Tribunal Administratif de Grenoble — Décision N° TA38-2509353
vendredi 12 septembre 2025
| Juridiction | Tribunal Administratif de Grenoble |
| Section | Tribunal Administratif de Grenoble |
| N° Dossier | TA38-2509353 |
| Type | Ordonnance |
| Recours | Excès de pouvoir |
| Publication | D |
Résumé IA
Texte intégral
Vu la procédure suivante :
Par une requête enregistrée le 9 septembre 2025, Mme A B, épouse C, demande au juge des référés, sur le fondement de l'article L. 521-2 du code de justice administrative :
1°) d'enjoindre à la préfète de l'Isère de lui délivrer une attestation renouvelée de prolongation d'instruction, valable jusqu'à la décision définitive sur sa demande de renouvellement de titre de séjour, dans un délai de 24 heures à compter de la notification de l'ordonnance ;
2°) d'assortir cette injonction d'une astreinte de 100 euros par jour de retard.
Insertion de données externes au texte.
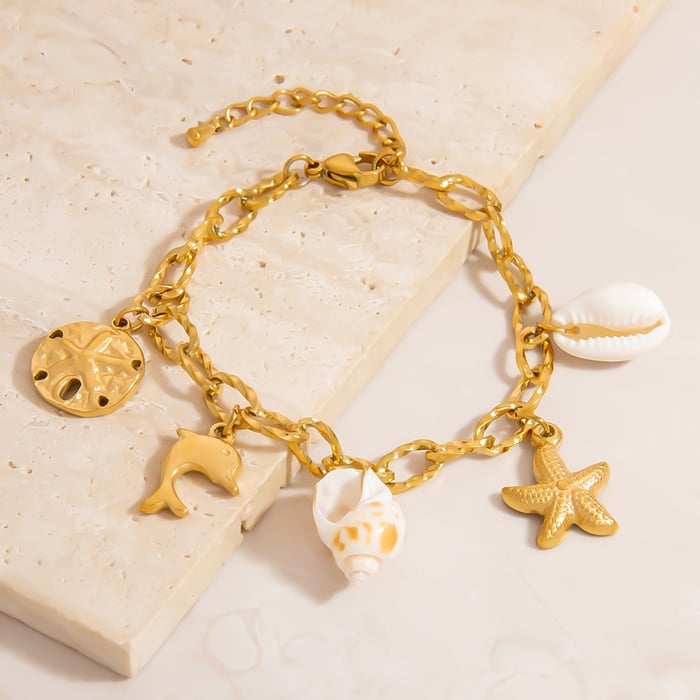 1 Piece OCeanic Stainless Steel Gold Color Charm Bracelet h5Picture5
Par un mémoire en défense enregistré le 12 septembre 2025, la préfète de l'Isère conclut au non-lieu à statuer.
Vu :
- les autres pièces du dossier ;
Vu :
- le code de justice administrative.
Le président du Tribunal a désigné M. Vial-Pailler, vice-président, pour statuer sur les demandes de référé ;
Les parties ont été informées de la date de l'audience publique.
Au cours de l'audience publique du 10 septembre 2025 à 14H, M. Vial-Pailler a présenté son rapport et a entendu les observations de Mme A B, épouse C.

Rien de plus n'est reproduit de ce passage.